In my last blog, I outlined why many smaller businesses are reluctant adopters of the internet.
But small business isn’t alone. Many larger businesses too have failed to grasp the impact the internet would have on their businesses.
Just ask the former shareholders in Borders, Kodak, Yellow Pages and newspaper publishers amongst many others.
While ‘failure to grasp the impact of the internet’ is something the management of these businesses have in common with smaller business operators, it’s a completely different set of circumstances that they have faced.
Armed with resources
Unlike smaller business, larger business had the resources to undergo the training and education they needed to better understand the new media.
They also could call on consultants to help bridge any gaps that existed within their organisations.
But there’s a fundamental that neither of these could help address. And that’s hands-on experience with the internet and the understanding that comes from that.
Hands-off management
The truth is that up until relatively recently, the fluent operation of a computer was something that was well beyond the skill level of most executives.
Up until recently, it was their personal assistants or other subordinates that actually worked on computers to complete their given tasks.
It wasn’t that long ago (and I suspect still occurs amongst older executives today), that executives would dictate communications for their PAs to ‘type up’ either in person or via dictaphone-style devices.
Secondhand advice
As a result, all of their business decisions were based not on direct ‘hands on’ experience, but from the advice of either subordinates or outside consultants.
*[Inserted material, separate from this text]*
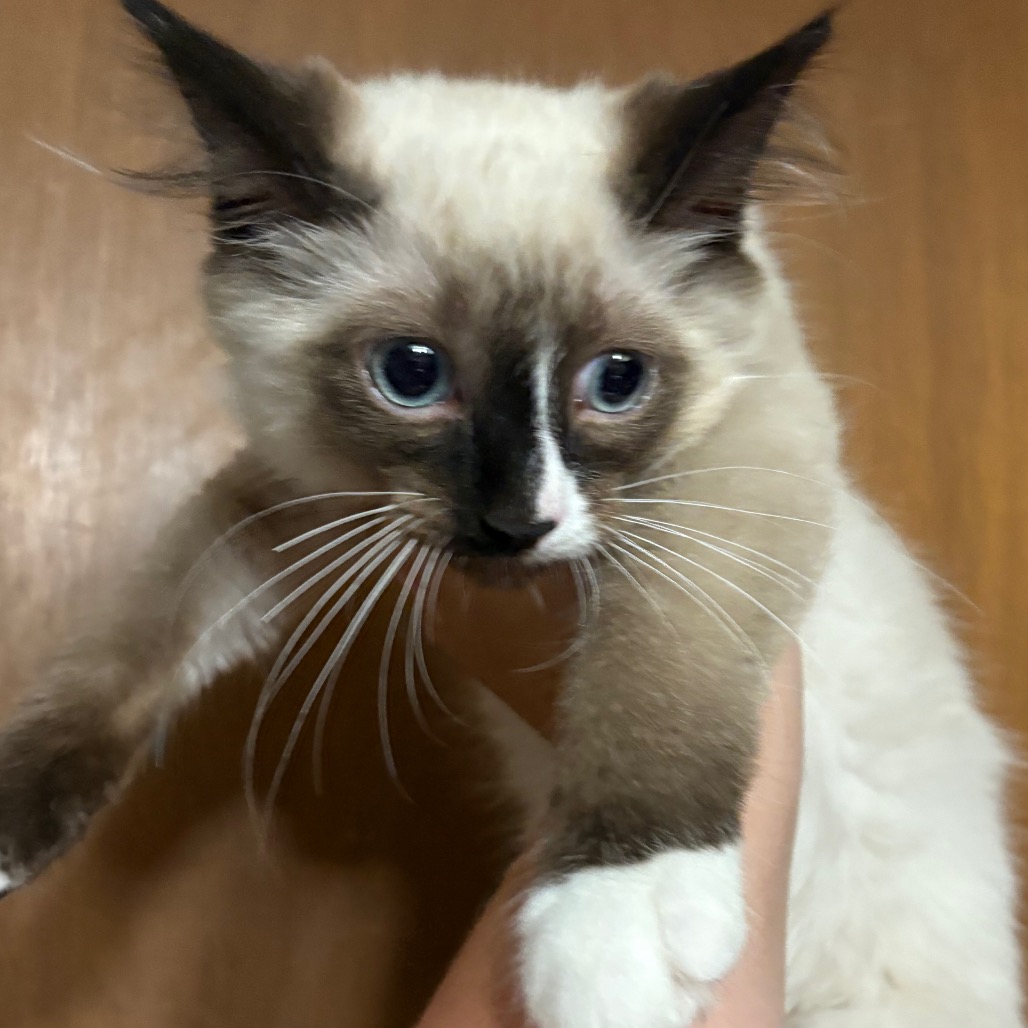 Hans, available for adoption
No matter how compelling the business case from within the organisation or outside consultants, managers could never feel completely comfortable about making decisions about technology when their own exposure to it was so limited.
This lack of confidence led to stalling major technology decisions — often until it was too late.
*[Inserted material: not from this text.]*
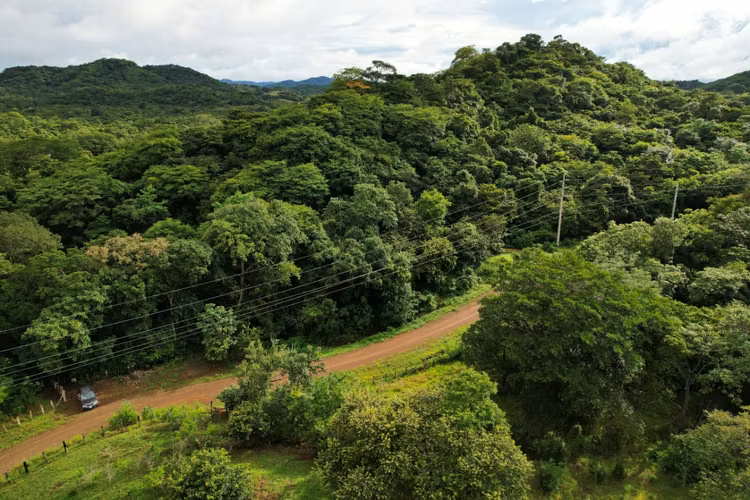 TAMARINDO BEACH LOTE FOR SALE FOR INVESTMENT WITH WATER SERVICE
A blow to their confidence
It’s not that difficult to understand their thinking. They had got to where they were in the organisation based on being able to (amongst other things) make great business decisions.
Now they were faced with being the corporate ‘bunny’ whose decision (or lack of it) may well take the organisation in the wrong direction.
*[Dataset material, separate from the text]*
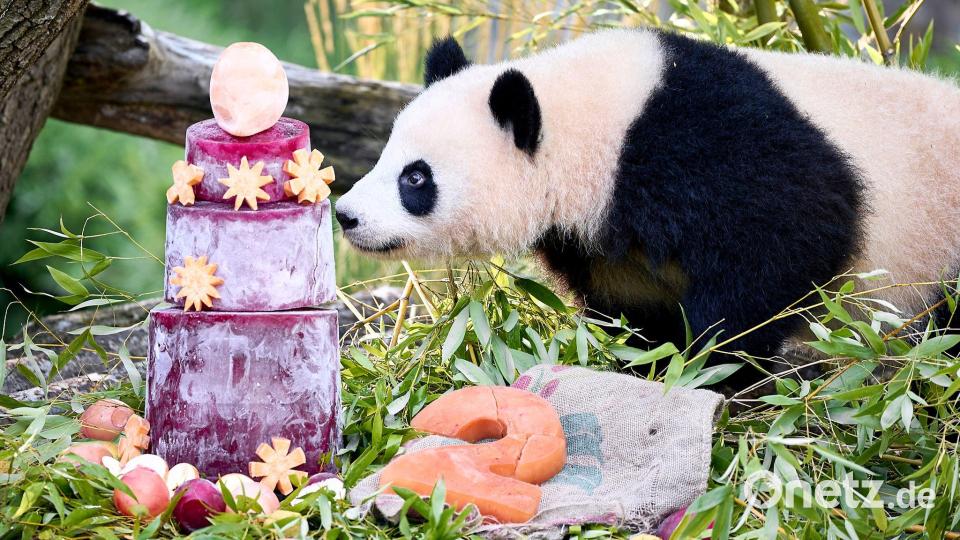 Die Torte steckt gefrorener Saft aus Karotten und Rote Beete. Bild: Michael Ukas/dpa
This lack of intimate understanding of technology and how it worked created a corporate ‘generation gap’ around the online world to mirror that experienced in much smaller business.
Senior staff lacked sufficient exposure to the technology to be able to make meaningful business decisions around technology, while those that did understand technology intimately were too junior to be able to charge with making major business decisions.
Ask the kids
In many ways its no different to parents asking their kids how to use new technology.
Naturally as time goes on, the less technology literate bosses will retire and pave the way for younger, more technology-literate ones.
But sadly, in many cases, this gap led businesses into a strategic abyss that they may never survive or recover from.
The other gap
Management wasn’t the only part of the organisation that felt the brunt of this generation gap. Many IT departments also felt its wrath.
The reason for this is a dramatic shift in the department’s role.
In the past, IT departments were the ‘enablers’ of organisations, whose role it was to plan, implement and maintain the systems required for the business to operate efficiently.
From enablement to strategy
But very quickly, this level of enablement moved from operational to strategic. Now a new kind of IT expert was required — one that could understand and communicate the impact of technology on the business itself, rather than just within the walls of the organisation.
And quite often, organisations simply didn’t have this expertise in-house, leading to the rapid rise of consulting firms that did.
I witnessed this effect first hand at a former very profitable large organisation. Sadly those hired on the business of their IT capabilities were soon found out to be completely out of their depth when it came to making strategic decisions the soon-to-be-completely-digitally-disrupted organisation desperately needed.
As a result, the same organisation is now a very pale shadow of its former self.